2. Qu’est-ce qui était reproché ?
« Le découpage par arrondissement peut amener à la tête de la mairie un candidat ayant recueilli moins de voix populaires, mais un nombre supérieur de conseillers municipaux », explique Bernard Dolez, politologue. Gaston Defferre, qui venait de faire réformer le mode de scrutin, en a profité. Il a été réélu maire de Marseille en 1983, ayant conquis une majorité de conseillers, alors qu’il était devancé en nombre de voix populaires par son adversaire. L’exemple reste anecdotique, et ne se vérifie pas nécessairement dans les derniers scrutins.
Reste que selon les découpages, l’issue du vote pouvait être affectée. « À Paris, la droite était structurellement désavantagée depuis 1982 », explique le politologue. « À Marseille, au contraire, la réforme de 2025 profitera à la gauche. »
3. Comment vont voter les concernés en 2026 ?
La réforme du scrutin « PLM » a pour objectif d’appliquer aux trois villes le mode de scrutin qui prévaut partout en France : une circonscription unique d’électeurs, qui désignent au suffrage universel direct les conseillers de leur mairie centrale.
Il sera ainsi demandé aux Parisiens, Lyonnais et Marseillais de voter deux fois le même jour (simultanément, dans le même bureau de vote) pour les conseillers d’arrondissement et pour les conseillers municipaux – le maire en devenir figurant en tête de liste. Les Lyonnais, eux, voteront même trois fois, puisqu’ils élisent également leurs conseillers siégeant à la Métropole.
4. Pourquoi avoir saisi le Conseil Constitutionnel ?
Selon Bernard Dolez, « le principal reproche qu’on pouvait faire au texte est celui de la prime majoritaire à 25 % ». Dans les autres communes françaises, la liste municipale qui arrive en tête obtient d’office 50 % des sièges, la moitié restante étant remise en jeu à la proportionnelle selon les scores des différentes listes. Or, la réforme du scrutin PLM prévoit une prime majoritaire de seulement 25 % dans les trois villes. Ainsi, un quart des sièges seront accordés à la liste gagnante, les ¾ restants répartis entre l’ensemble des listes.

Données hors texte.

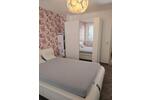 Etagenwohnung Braunschweig - 3 Zimmer, 70 m&sup2;, 1.000&euro; | Angebot:26127236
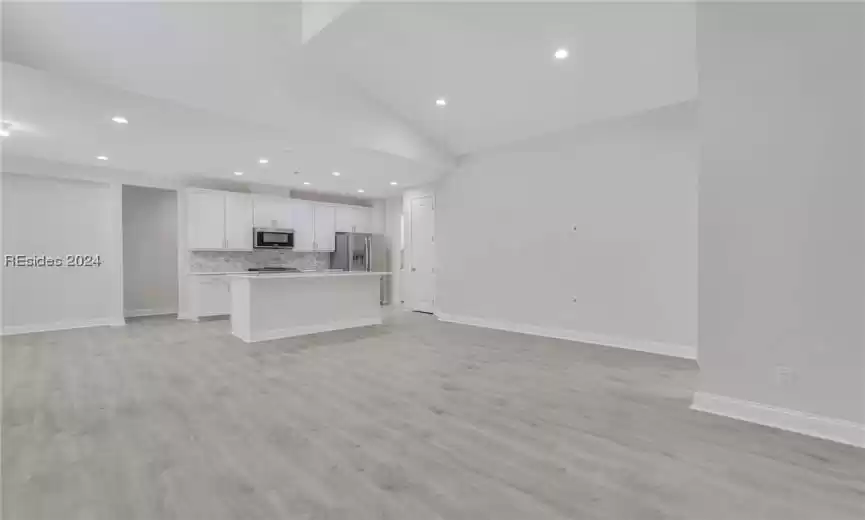 Hardeeville, South Carolina 29927, 2 Bedrooms Bedrooms, ,2 BathroomsBathrooms,Residential,For Sale,442178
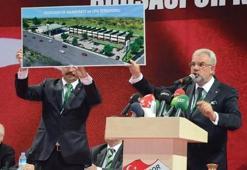 TFF'den Bölükbaşı'na tebrik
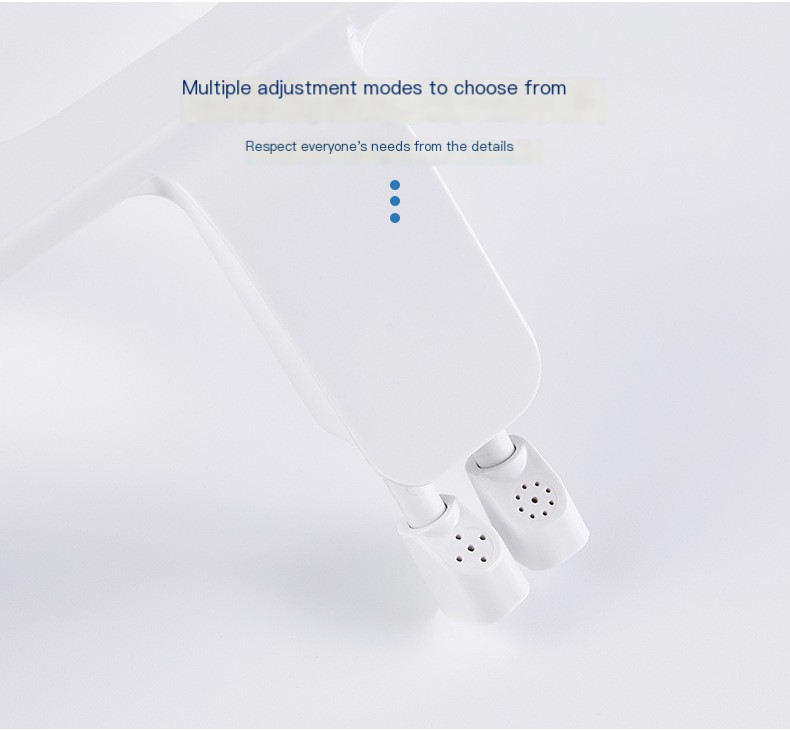 Toilet Cleanser Image 6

Un changement qui « permet une meilleure représentation des listes d’opposition », mais aussi une moins grande stabilité dans les conseils municipaux. Le Conseil constitutionnel a statué que cela ne posait pas de problème, voire permettait de « favoriser le pluralisme des courants de pensées et d’opinions, qui est en lui-même un objectif de valeur constitutionnelle », dans sa décision rendue le 7 août 2025.
5. Quelle place sera accordée aux conseillers d’arrondissements ?
« Les compétences des conseillers et maires d’arrondissements sont totalement inchangées », rassure Bernard Dolez. Mais cette réforme « va fortement décorréler les deux scrutins », poursuit le politologue.
Maintenant que la campagne se mène à l’échelle de la ville entière, « la visibilité des élus connus dans leur arrondissement, à l’image de Francis Szpiner [ancien maire du XVIe arrondissement parisien et candidat à la mairie de Paris en 2026, ndlr], va se diluer derrière les grandes figures connues de tous, comme Rachida Dati », maire du VIIe arrondissement, ministre de la Culture et candidate à la mairie de Paris. La fin des « barons » locaux, en somme.